The prosecutions have fuelled a campaign against one of Europe's most stringent abortion laws and a backlash by anti-abortion campaigners and the Catholic Church who have urged voters to boycott candidates favouring reform.
"I am not coming at this from an ideological viewpoint but as someone who lives in the real world," Ruth Patterson, an independent unionist candidate in the South Belfast constituency.
Northern Ireland currently bans abortion in all cases except when the life of the mother is in danger.
More socially conservative than most parts of mainland Britain, it never adopted the laws on the issue governing the rest of the UK which were passed in 1967.
The only two European states with stricter laws -- total bans on abortion -- are Malta and the Vatican. Ireland also has tough legislation banning abortion in the vast majority of cases.

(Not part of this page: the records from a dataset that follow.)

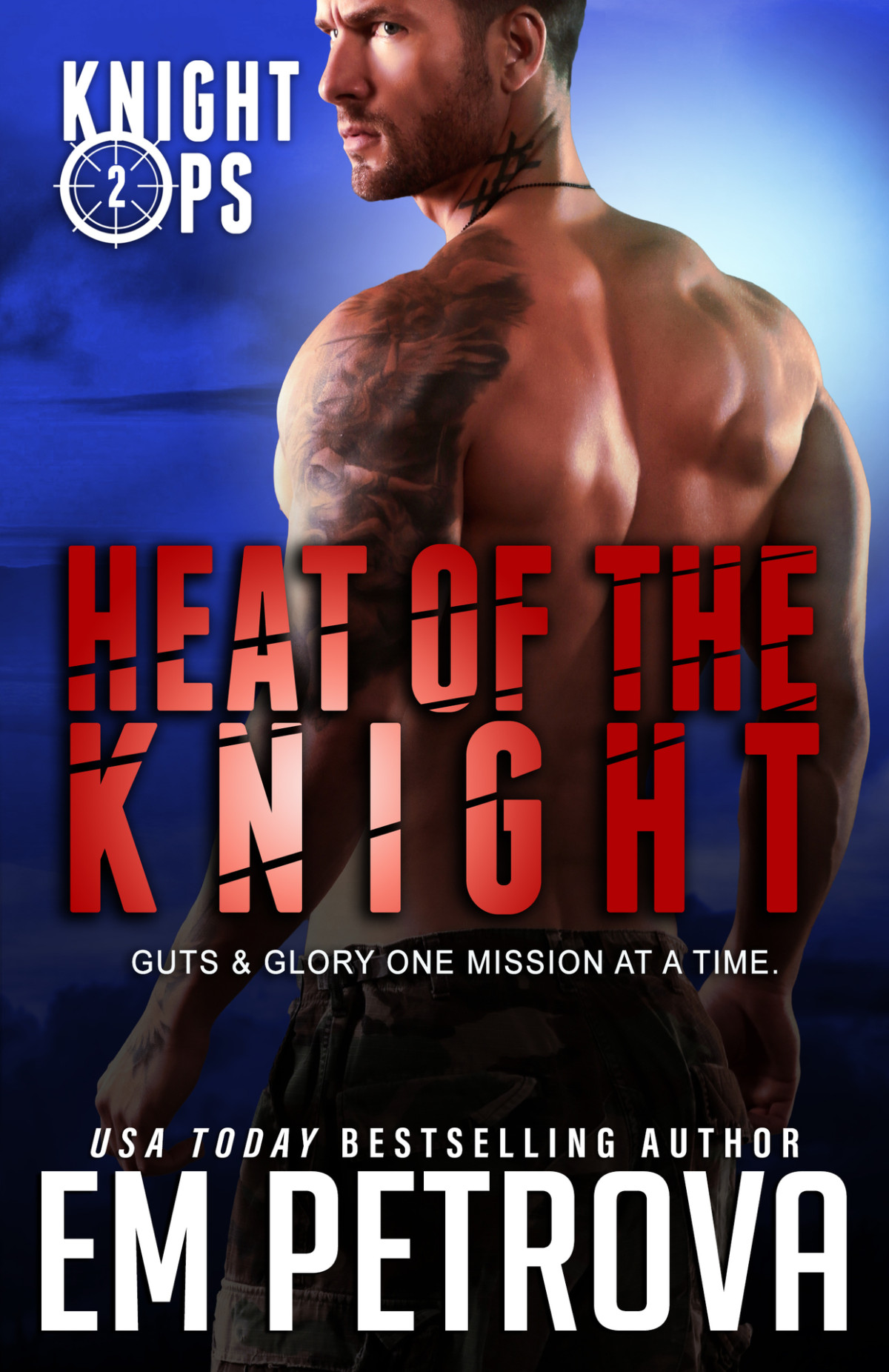 Heat Of The Knight Em Petrova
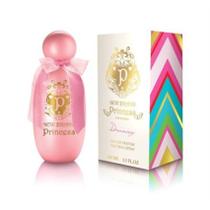 Princess dreaming prestige perfume feminino eau de parfum 100ml Princess dreaming prestige perfume feminino eau de parfum 100ml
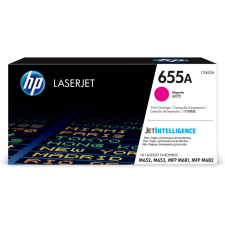 HP CF453A (655A) Magenta toner nyomtatópatron & toner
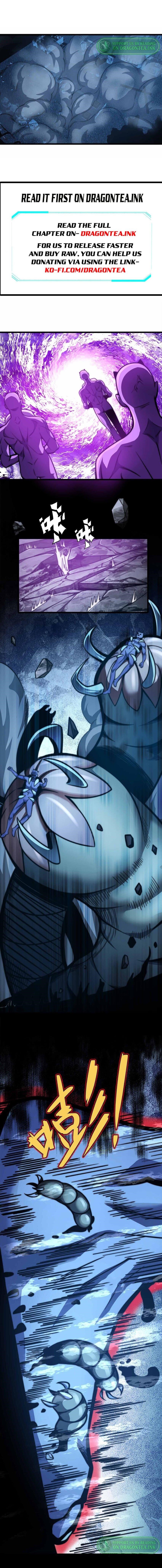 Demon King Cheat System Chapter 47 - Page 1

The incumbent power-sharing administration in the UK province unites historic foes the Democratic Unionists -- a mainly Protestant party which wants Northern Ireland to stay in the UK -- and Sinn Fein, Catholic republicans who want a united Ireland.
Unionists and republicans were divided during three decades of sectarian unrest which killed around 3,500 people and was largely ended by a 1998 peace deal.
The Democratic Unionists pointedly fail to mention abortion in their election manifesto.
Sinn Fein has pledged to legislate in favour of abortion in cases of fatal foetal abnormality, rape and incest.
McGuinness said there would be "no hiding place" in future, adding that he did not want to live in a "backward" place.
Pro-choice groups have staged protests against the three-month sentence suspended for two years given to the 21-year-old woman who aborted her foetus, which spares her jail but means she now has a criminal record.